Risk Assessment for Bull Trout Introduction into Sullivan Lake and Harvey Creek, Northeastern Washington

Open-File Report 2022-1032
Prepared in cooperation with Kalispel Tribe of Indians
By: , and 


  • Document: Report (8.4 MB pdf)
  • Data Release: USGS data release — Information tables associated with a risk assessment for bull trout introduction into Sullivan Lake, northeastern, Washington including population donor sources and resident species, April 2021
  • Download citation as: RIS | Dublin Core


The Kalispel Tribe of Indians (KT), U. S. Fish and Wildlife Service, and Washington Department of Fish and Wildlife are engaged in conservation of bull trout (Salvelinus confluentus) in the Lake Pend Oreille (LPO) Core Area.

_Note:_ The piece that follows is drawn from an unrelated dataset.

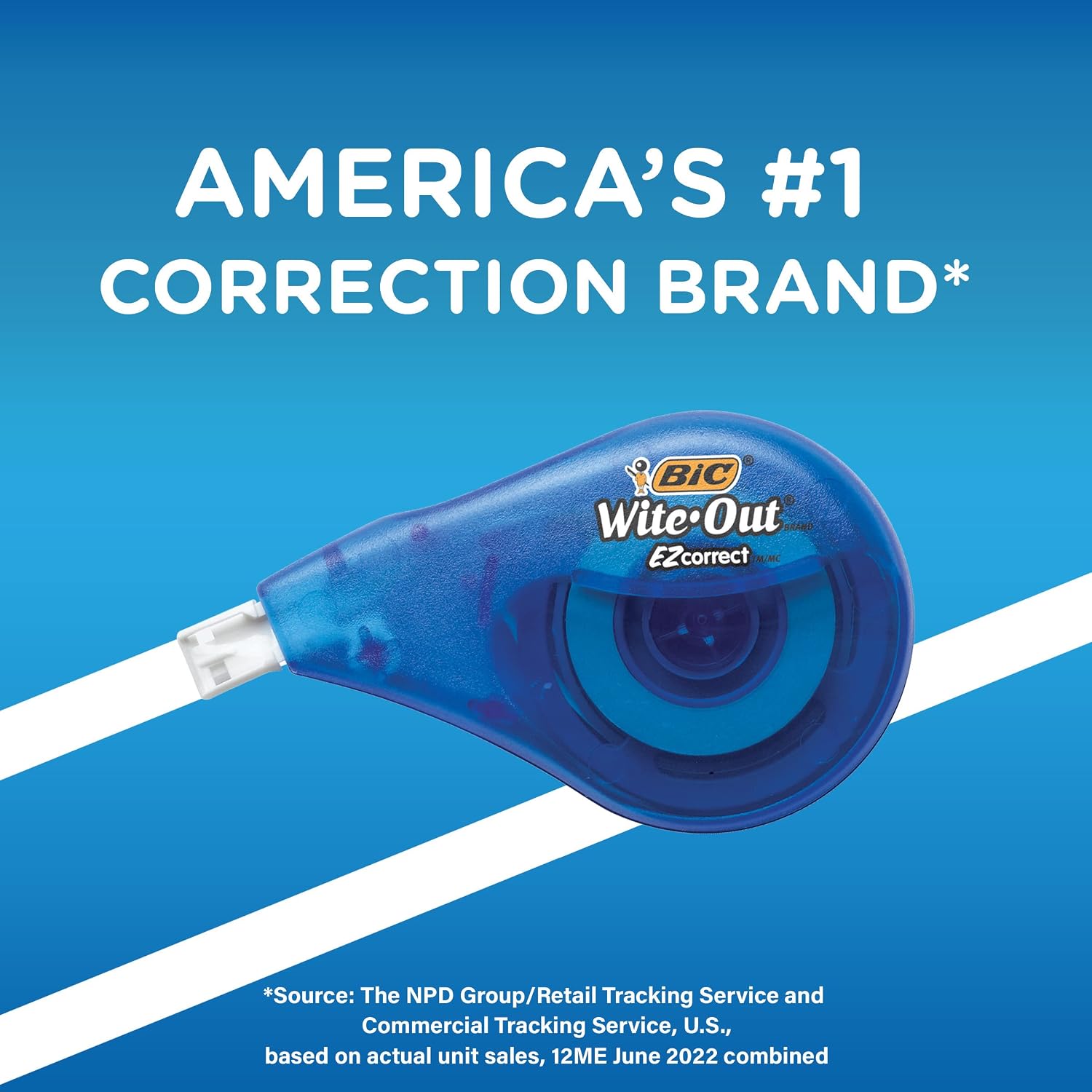 BIC Wite-Out EZ Correct Correction Tape – Office Desk Essential for Error-Free Forms and Notes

The LPO is a complex habitat core area which falls within three states (Montana, Idaho, and Washington) and a tribal entity. As part of the conservation process, KT worked in cooperation with the U. S. Geological Survey (USGS) to complete a risk assessment for introduction of bull trout into Sullivan Lake/Harvey Creek, northeastern, Washington. The risk assessment was designed to evaluate potential risks to resident fish species, to bull trout introduced into Sullivan Lake, and to bull trout donor source populations. This risk assessment describes the potential risks associated with pathogens (introduction of pathogens and increased pathogen burden), genetics (such as risk to donor sources, straying and breeding with native bull trout, and introduction of bull-brook hybrids), and ecological interactions (such as predation and competition). Potential donor source populations were identified and evaluated using a qualitative approach based on expert opinion and a decision framework.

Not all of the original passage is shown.